The historical facts of the RMS Titanic's infamous sinking have been a morbid maritime currency, in non-fiction books, film's, television documentaries, for well over 100 years. With countless articles written and books published, so many stories have been told and retold about the 'unsinkable' ship and have been historically re-written on countless occasions.
The most famous that spring to mind would be; 'A night to remember by Walter Lord, and James Cameron's 1997 cinematic masterpiece 'Titanic', are probably the best of both cinematic and non-fiction retellings. Assuming you've read plenty of Titanic's history (like I have) then surely 'TITANIC - ICEBERG AHEAD' by James W Bancroft is superfluous in this well-stocked subject matter? Well, yes and no.
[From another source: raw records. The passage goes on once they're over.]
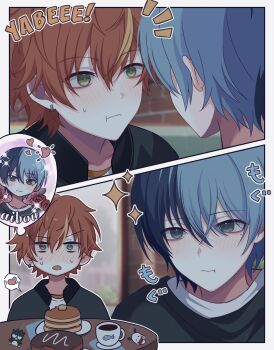 2boys aoyagi_touya badtz-maru blush charm_(object) closed_mouth coffee commentary cup earrings eating english_commentary flower food green_eyes grey_eyes heart highres jewelry looking_at_another male_focus miyotastic mole mole_under_eye multicolored_hair multiple_boys orange_hair pancake pochacco project_sekai sanrio shinonome_akito single_earring sparkle table yaoi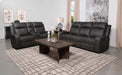 Coaster Raelynn 2-piece Upholstered Motion Reclining Sofa Set Grey Sofa+Loveseat+Armchair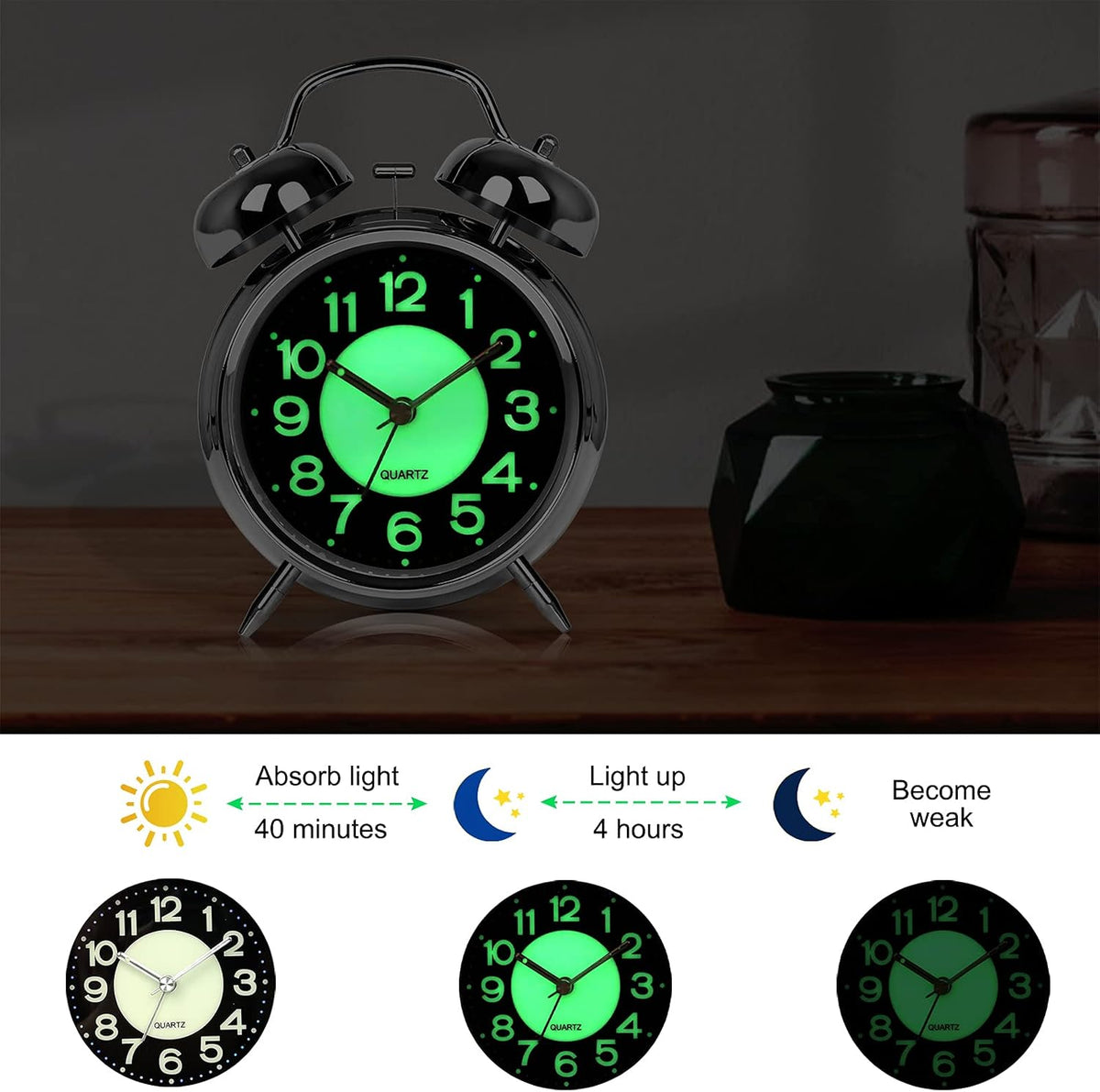 AYRELY® Super Loud Alarm Clock for Heavy Sleepers, 4.5 Inch Twin Bell Retro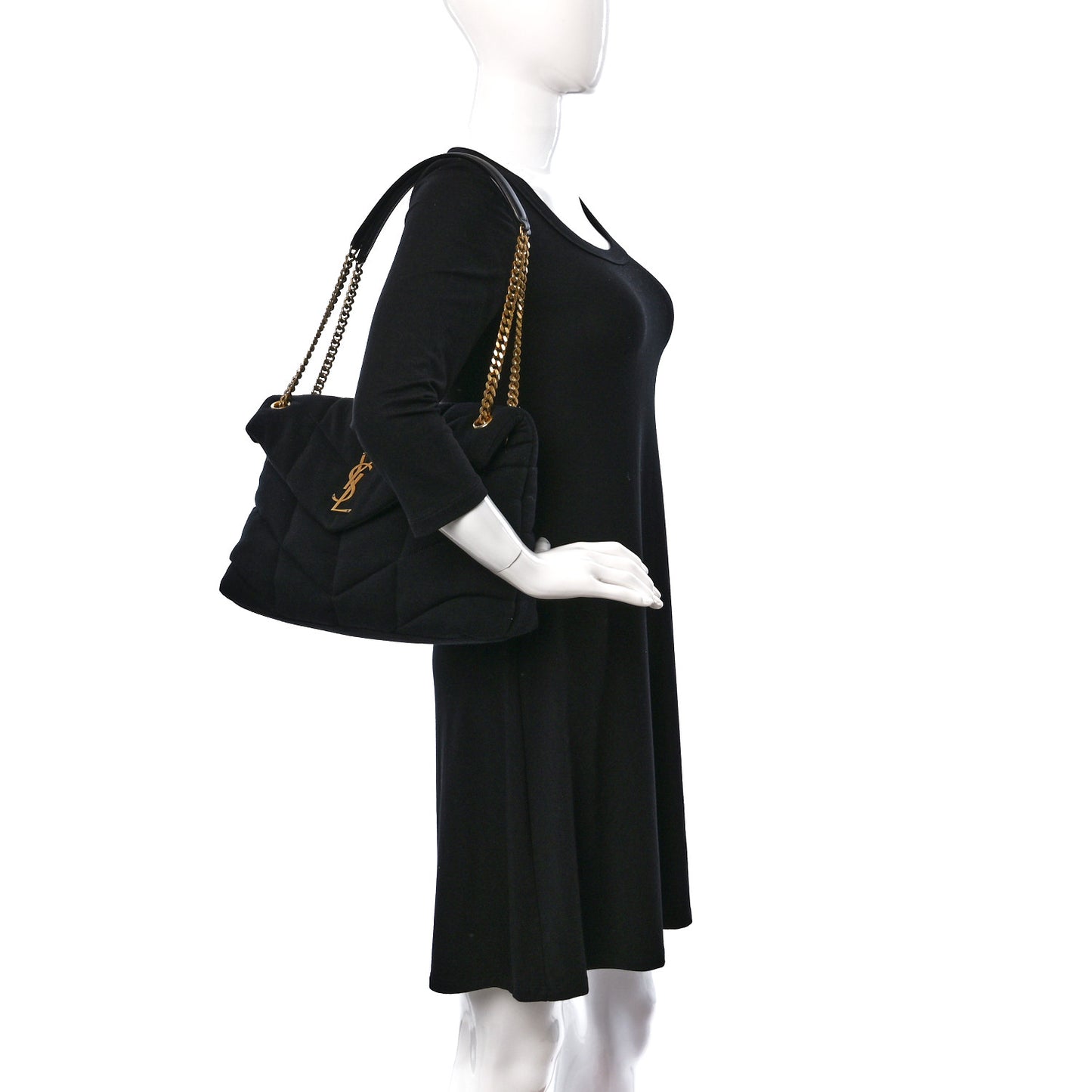 Wool Jersey Quilted Medium Loulou Puffer Monogram Chain Satchel Black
The beginning of the book recounts all of the usual Titanic information; when she was launched, where from, how big, unsinkable, maiden voyage, etc etc. However, by the second half of the book, the author delves deep into the passenger's lives, and unlike those well-versed accounts of the ships first-class millionaires on board, this book tells the life stories of passengers, survivors and victims, of the Titanic, from second and third class.
The social history is fascinating and tragic in equilibrium and is told with impressively researched detail. Foreboding narrative aside, it's a very good book for those who aren't familiar with the tragedy of the Titanic or the lives of those who sailed in her.
A very recommended read for history buffs and true crime fans, alike!